Technically, that is a bad request, because you have a space before Host:, but per RFC2616, there should not be any whitespace in a header field name.
Worse: you do not want a space between your /r/n's. Of which two should separate the header from the body ("/r/n/r/n"), not three. That may not seem like such a big issue because there is no body, but you still need an "/r/n/r/n" to indicate the header is complete, and you do not have that. Hence, I think many or most web servers will not respond in kind, and will instead terminate the connection immediately because the request is malformed. That termination takes place via tcp/ip, not http, and if you are doing the wrong thing with the socket (eg, waiting on recv) at the time, it could be fatal to the process.*
How are you are deducing this? Do you mean in the former case "Error with send()" appears? Or nothing? If it is nothing, I would bet that the send did succeed, but the stdout buffer is not flushed before your process recieves a SIGPIPE or SIGHUP while waiting on the recv. Try it with:
Code:
if (send(tcpSocket, request, strlen(request), 0) < 0)
fprintf(stderr, "Error with send()");
else
fprintf(stderr, "Successfully sent html fetch request");
This will avoid buffering issues with stdout if the process has actually died prematurely
while waiting on the recv(). Ie, the the connection was terminated via tcp/ip by the connected server, without sending any http reponse.
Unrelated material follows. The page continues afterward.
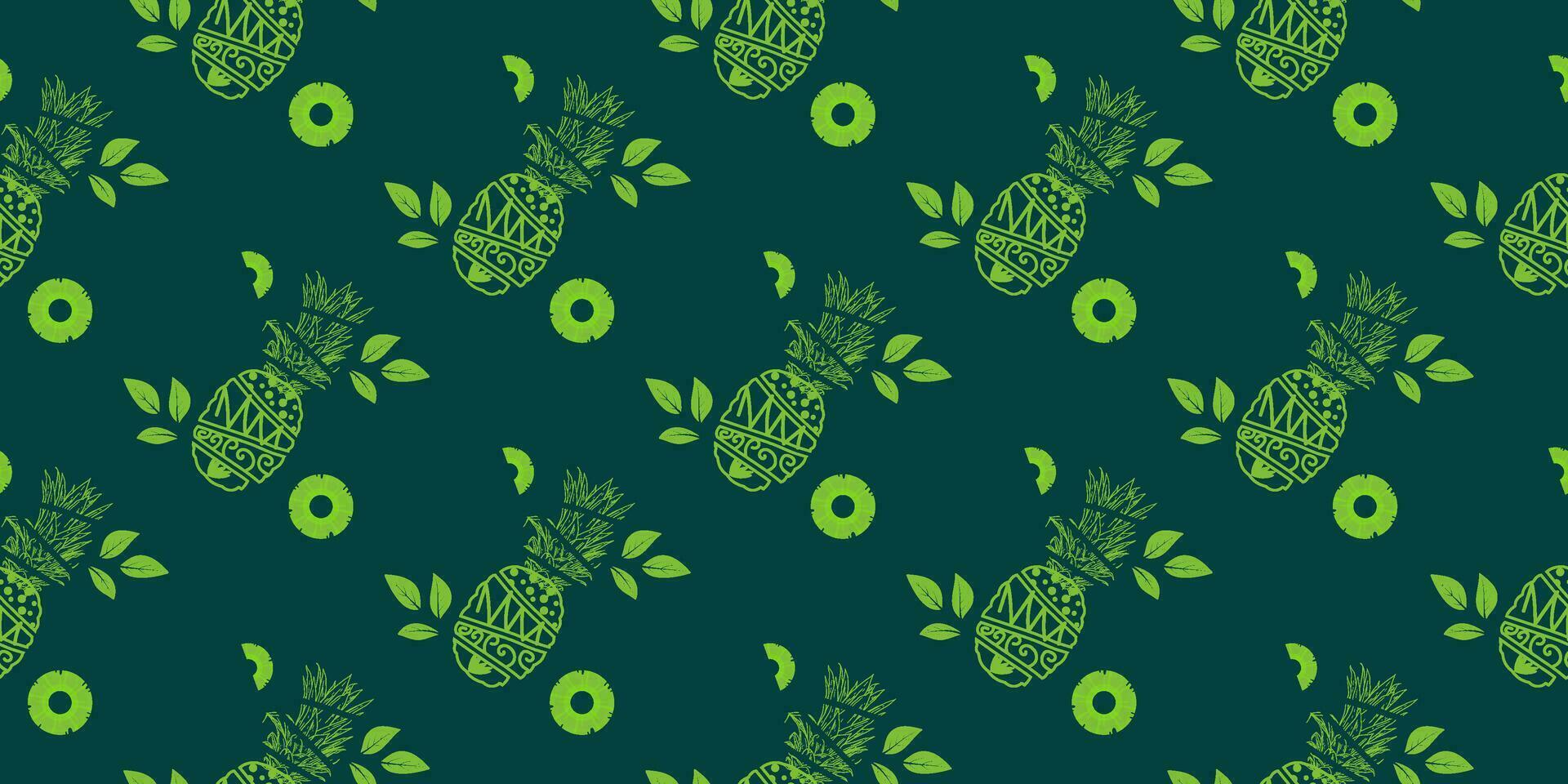 unique abstract summer pineapple fruits seamless pattern background vector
How servers deal with non-conforming clients is...undefined.
Of course, if you do not wait on the recv(), you will get "Successfully sent html fetch request"; you sent a bad request and so the server (on a tcp/ip level) killed the connection (just as before), but it does not matter because your program already ended (and flushed the stdout buffer on exit).
* you almost certainly want to use a signal handler for SIGPIPE because of that.